**EXERCISE OBJECTIVE:** Transcribe the lines below exactly, beginning with the line that holds "this 450×319 image." and ending with the final line, both included. Pictures are to be left out.

[INFORMATION SHOWN — start]

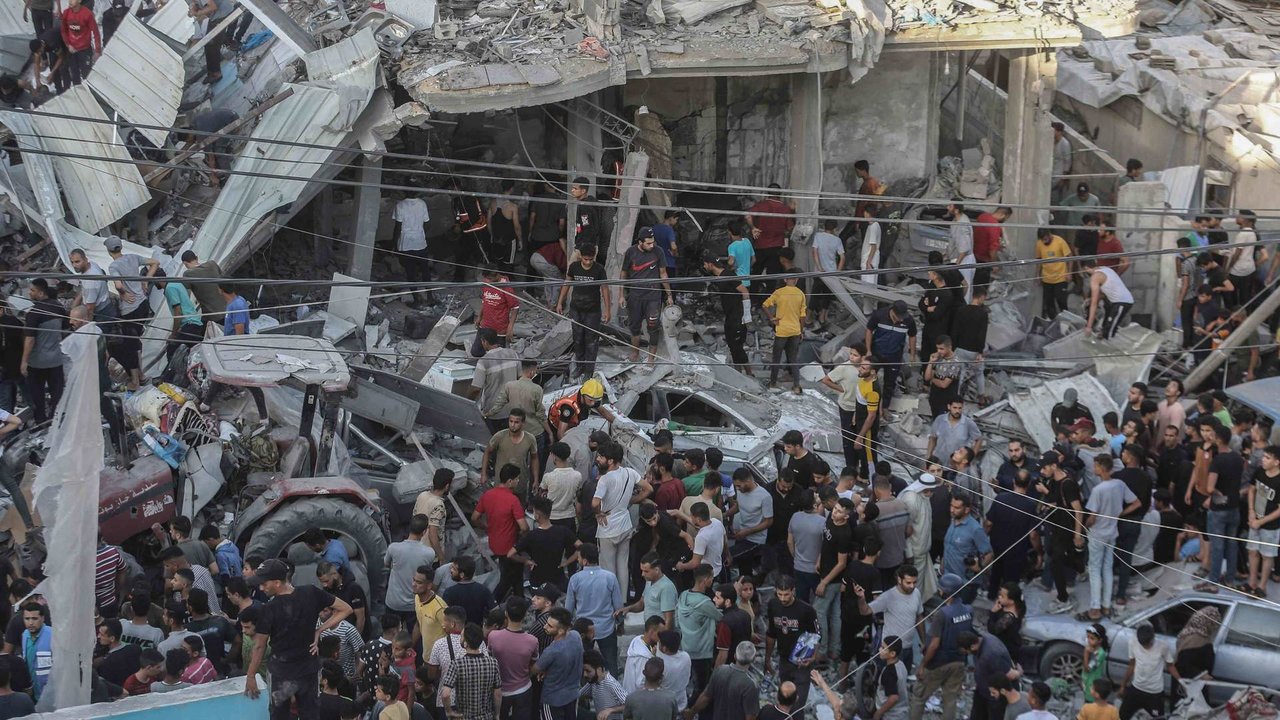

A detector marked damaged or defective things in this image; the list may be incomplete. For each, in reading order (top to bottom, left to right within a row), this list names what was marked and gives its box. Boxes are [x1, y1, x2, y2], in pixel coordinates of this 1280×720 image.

damaged wall [820, 53, 940, 193]
destroyed vehicle [5, 338, 390, 600]
destroyed vehicle [544, 354, 848, 478]
broken window [672, 390, 740, 430]
destroyed vehicle [1020, 592, 1280, 704]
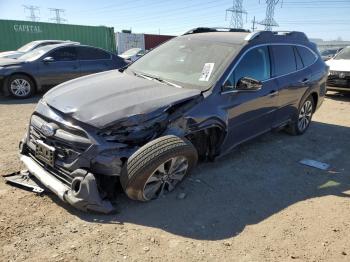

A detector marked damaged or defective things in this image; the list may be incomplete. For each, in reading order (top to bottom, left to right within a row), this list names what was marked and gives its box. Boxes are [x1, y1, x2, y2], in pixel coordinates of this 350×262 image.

dented hood [43, 70, 200, 128]
damaged gray suv [17, 28, 328, 213]
detached bumper piece [18, 155, 115, 214]
crumpled front bumper [19, 155, 115, 214]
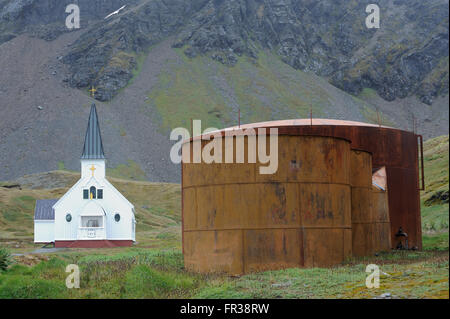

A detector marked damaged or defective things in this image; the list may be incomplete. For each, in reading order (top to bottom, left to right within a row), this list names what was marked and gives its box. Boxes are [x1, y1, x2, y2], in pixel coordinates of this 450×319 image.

rusted steel panel [183, 231, 244, 276]
rusty metal tank [181, 134, 354, 276]
rusted steel panel [243, 230, 302, 272]
rusty metal tank [210, 120, 422, 250]
rusty metal tank [350, 150, 374, 258]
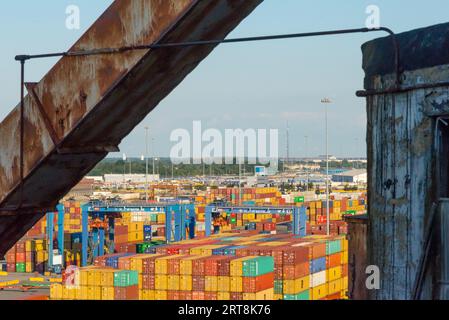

[INFORMATION SHOWN — finish]

**YOUR SOLUTION:**
A detector marked damaged or defective things in this image; the list may be incomplete. For each, in reading order (top to bottom, left to right within a row), this list names what was marked and gives its box. Boxes are [x1, y1, x2, y2], in pixel coordinates of this 450×319 image.

rusted steel panel [183, 231, 244, 276]
rusty metal tank [181, 134, 354, 276]
rusted steel panel [243, 230, 302, 272]
rusty metal tank [210, 120, 422, 250]
rusty metal tank [350, 150, 374, 258]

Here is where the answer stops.